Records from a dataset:

■ ■ ■ ■ ■

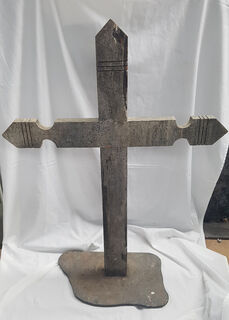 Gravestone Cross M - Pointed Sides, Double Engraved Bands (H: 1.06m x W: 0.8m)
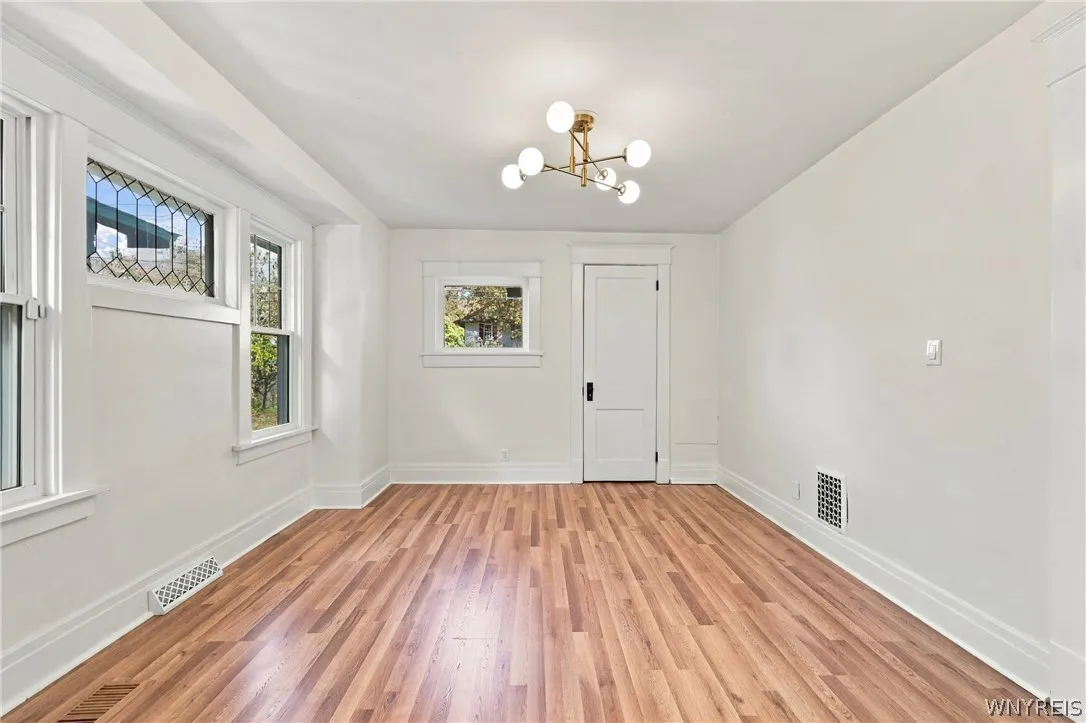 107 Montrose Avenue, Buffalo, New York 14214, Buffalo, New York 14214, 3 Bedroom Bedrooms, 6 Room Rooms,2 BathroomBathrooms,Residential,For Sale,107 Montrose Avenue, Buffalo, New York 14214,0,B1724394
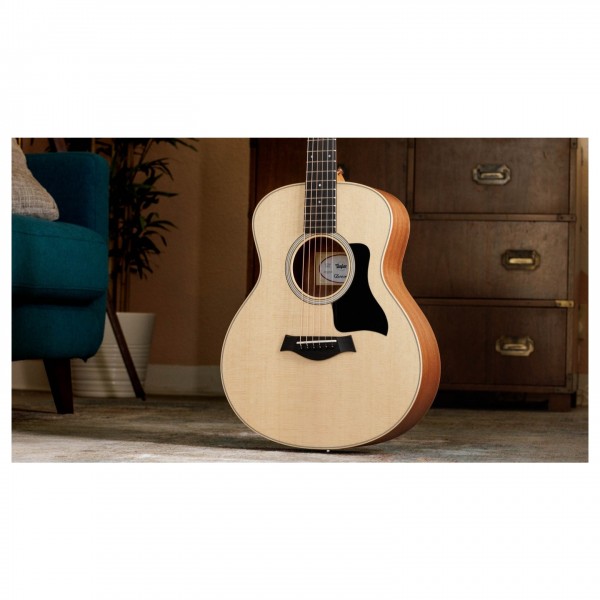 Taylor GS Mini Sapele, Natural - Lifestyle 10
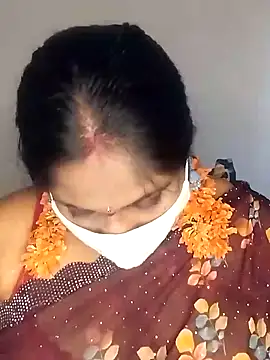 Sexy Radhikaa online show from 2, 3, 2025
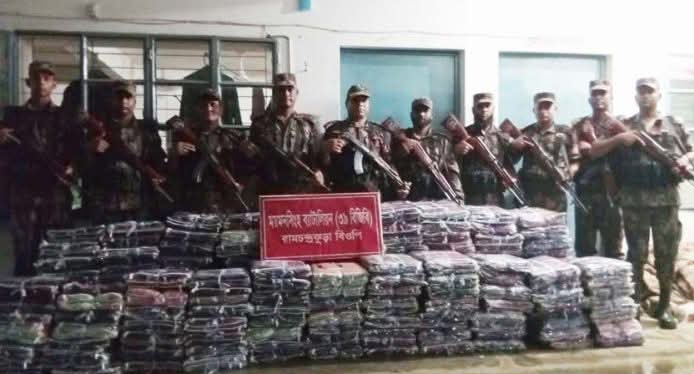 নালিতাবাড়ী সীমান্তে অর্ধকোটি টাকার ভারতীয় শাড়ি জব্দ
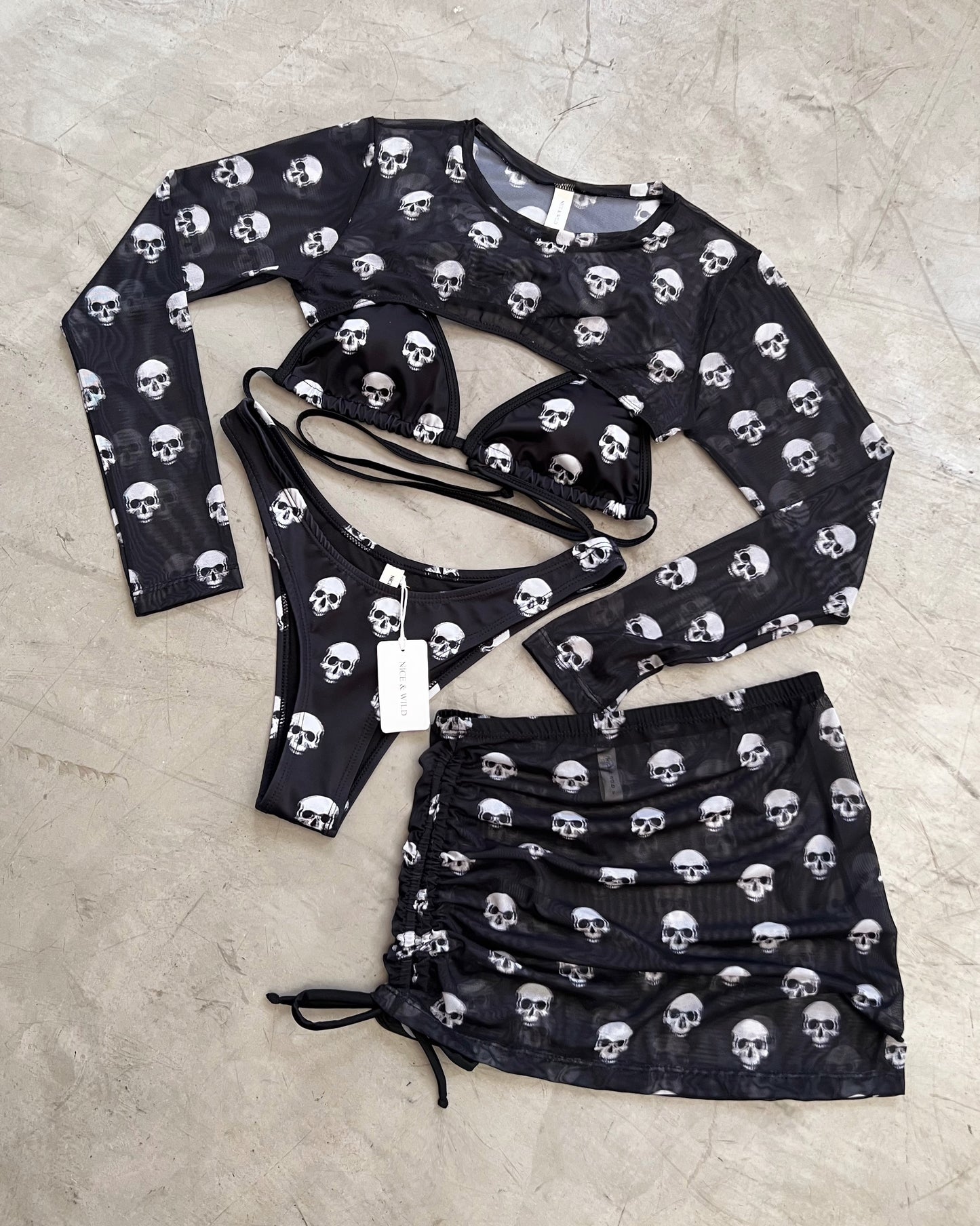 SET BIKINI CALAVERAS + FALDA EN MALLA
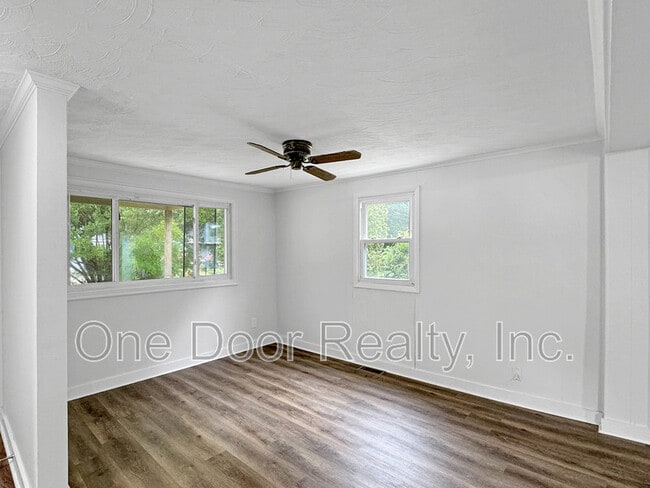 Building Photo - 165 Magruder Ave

■ ■ ■ ■ ■

-- ASSIGNED TASK --
All entries above must be duplicated exactly; please omit any picture they hold.

-- RESULT --
 Gravestone Cross M - Pointed Sides, Double Engraved Bands (H: 1.06m x W: 0.8m)
 107 Montrose Avenue, Buffalo, New York 14214, Buffalo, New York 14214, 3 Bedroom Bedrooms, 6 Room Rooms,2 BathroomBathrooms,Residential,For Sale,107 Montrose Avenue, Buffalo, New York 14214,0,B1724394
 Taylor GS Mini Sapele, Natural - Lifestyle 10
 Sexy Radhikaa online show from 2, 3, 2025
 নালিতাবাড়ী সীমান্তে অর্ধকোটি টাকার ভারতীয় শাড়ি জব্দ
 SET BIKINI CALAVERAS + FALDA EN MALLA
 Building Photo - 165 Magruder Ave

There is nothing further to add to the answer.